From EatingWell:
June/July 2006,
EatingWell Serves Two
Richly flavored buffalo steak is complemented by the bite of radicchio, mellowed a bit by the grill, the earthy-sweet beets and a creamy goat cheese dressing. Buffalo is a tasty option but, because it's so lean, is best cooked rare to medium-rare.
4 servings
|
Active Time: 40 minutes |
Total Time: 40 minutes
Ingredients
1/4 cup crumbled goat cheese, or feta cheese
4 teaspoons white-wine vinegar
3/4 teaspoon dry mustard
1 small shallot, minced
1 tablespoon minced fresh parsley
3/4 teaspoon kosher salt, divided
3/4 teaspoon freshly ground pepper, divided
1 tablespoon plus 2 teaspoons extra-virgin olive oil, divided
2 small heads radicchio
1 15-ounce can baby beets, drained (the liquid can be reserved for Pickled Eggs)
1 pound buffalo or beef New York strip (loin) steaks, trimmed of fat and cut into 4 portions
Preparation
Preheat grill to high.
Place cheese in a medium bowl and mash it with the back of a spoon until creamy. Add vinegar, dry mustard, shallot, parsley, 1/4 teaspoon salt and 1/4 teaspoon pepper; whisk to combine. Continue whisking and slowly drizzle in 1 tablespoon oil until blended. Set aside.
Cut each radicchio head in half, core and quarter each half. Thread radicchio chunks and beets onto skewers. Drizzle the skewered vegetables with 1 1/2 teaspoons oil. Rub steaks with the remaining 1/2 teaspoon oil. Season the steaks and skewered vegetables with the remaining 1/2 teaspoon salt and pepper.

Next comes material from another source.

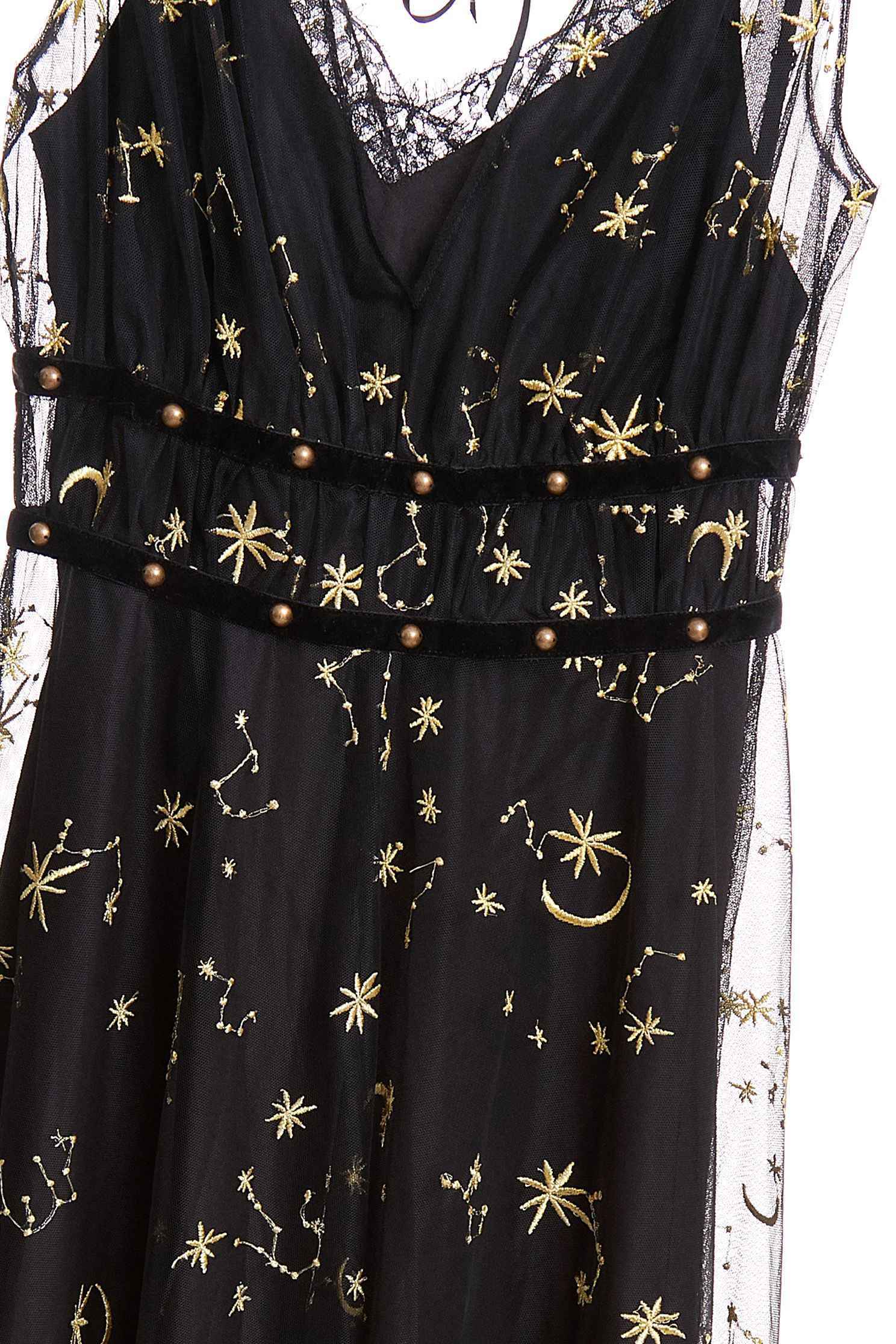 Gold line embroidered dress,V-neck dress,embroidery,刺繡洋裝,Cocktail Dress,無袖洋裝,Evening Wear,embroidered,Black dress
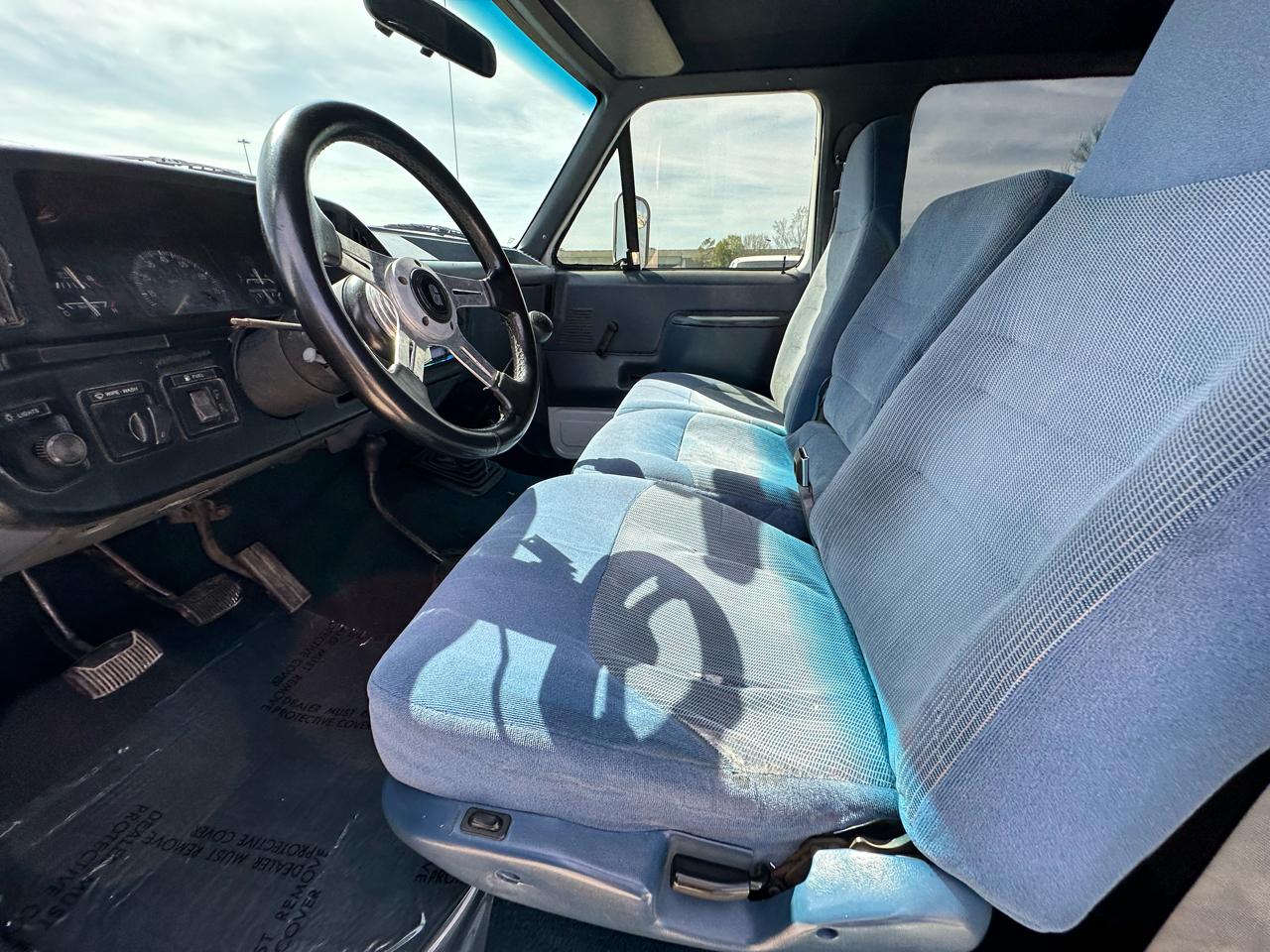 Ford F-350 Crew Cab 4WD 1990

Grill the steaks 3 to 4 minutes per side for medium-rare. Grill the vegetable skewers, turning frequently so the radicchio doesn't burn, until the radicchio is wilted and lightly charred, 5 to 7 minutes total. Transfer the steaks to a plate; let rest for 5 minutes. Remove the vegetables from the skewers. Serve the steaks and vegetables drizzled with the sauce.
Nutrition
Per serving :
222 Calories;
9 g Fat;
2 g Sat;
5 g Mono;
55 mg Cholesterol;
9 g Carbohydrates;
25 g Protein;
2 g Fiber;
451 mg Sodium;
445 mg Potassium
1 Carbohydrate Serving
Exchanges: 1 vegetable, 3 lean meat
Tips & Notes
Meat-Buying Tips:
Make sure that packaged meat isn't past its "sell-by" date and that there's not much moisture in the packaging.
Touch it if possible—it should be firm and not soft.
Look for bright red (not gray) meat. Vacuum-packed meat will be darker looking and should turn red as soon as it's exposed to air.